# Fishing the Negative Tides in the homemade skiff



## Backwater (Dec 14, 2014)

Nice! Great job!


----------



## Viking1 (May 23, 2010)

Nice job on filming and editing!!! That was a nice two days of catching.


----------



## fishicaltherapist (Mar 9, 2013)

THAT'S what it's all about !!! Great edit & sound.


----------



## TACZK (Dec 7, 2017)

Excellent; looks like great fun


----------



## mpeet0 (Aug 7, 2015)

Backwater said:


> Nice! Great job!


Thanks !! I really appreciate it


----------



## anytide (Jul 30, 2009)

yes 
go negative or go home !


----------



## mpeet0 (Aug 7, 2015)

Viking1 said:


> Nice job on filming and editing!!! That was a nice two days of catching.


Thanks! It was a great couple of days, hopefully i'll be able to get some more in pretty soon!


----------



## mpeet0 (Aug 7, 2015)

fishicaltherapist said:


> THAT'S what it's all about !!! Great edit & sound.

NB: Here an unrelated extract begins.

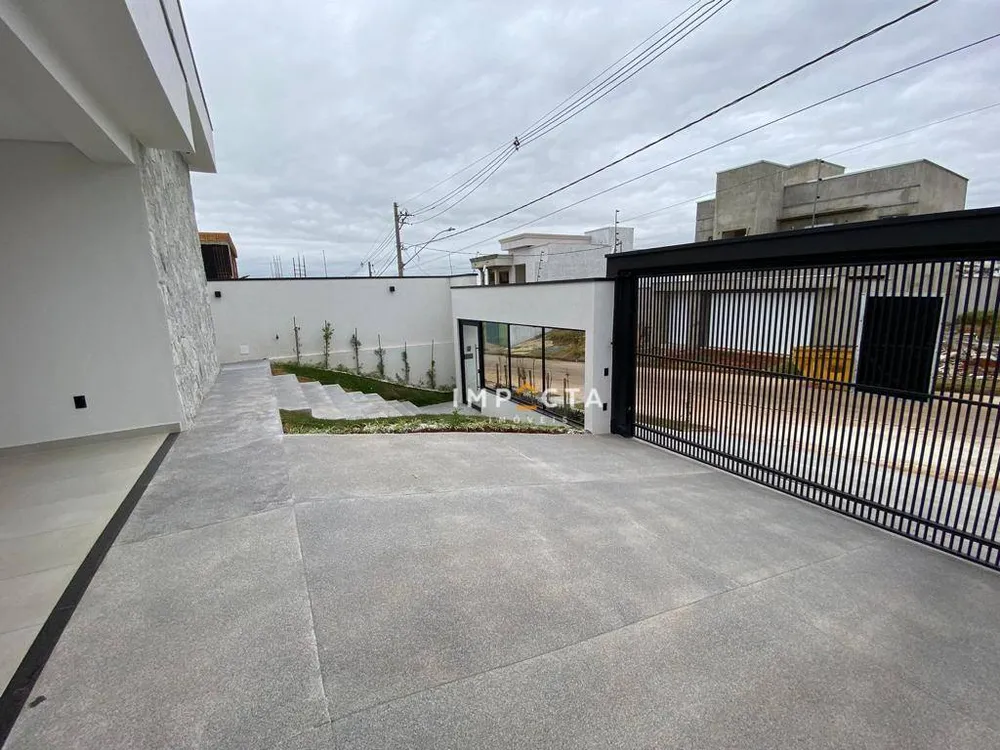 Casa, 3 quartos, 180 m² - Foto 1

Thanks fishical, I had a blast. Hopefully I'll be out there again in a few days, a man can only dream of having more days like that! haha


----------



## mpeet0 (Aug 7, 2015)

TACZK said:


> Excellent; looks like great fun


Thank you, it was definitely an awesome time!


----------



## mpeet0 (Aug 7, 2015)

anytide said:


> yes
> go negative or go home !


Thanks anytide! I really appreciate it


----------



## sabaird1221 (May 4, 2013)

sweet


----------



## mpeet0 (Aug 7, 2015)

sabaird1221 said:


> sweet


Thanks man!


----------



## Finn Maccumhail (Apr 9, 2010)

Pretty sweet video.

But I think that qualifies as a "nano" instead of a "micro."


----------